Supplied information:
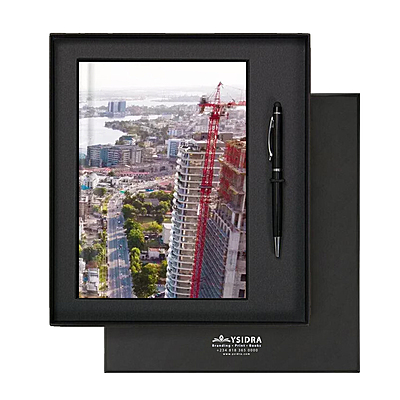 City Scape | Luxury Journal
---
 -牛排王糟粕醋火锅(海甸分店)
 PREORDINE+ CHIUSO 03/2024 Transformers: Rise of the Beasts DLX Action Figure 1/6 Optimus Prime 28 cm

Task description: In the entries above, the lines between the one holding "-牛排王糟粕醋火锅(海甸分店)" and the one holding "PREORDINE+ CHIUSO 03/2024", inclusive, are to be printed exactly as written, and those alone.

Solution to the problem:
 -牛排王糟粕醋火锅(海甸分店)
 PREORDINE+ CHIUSO 03/2024 Transformers: Rise of the Beasts DLX Action Figure 1/6 Optimus Prime 28 cm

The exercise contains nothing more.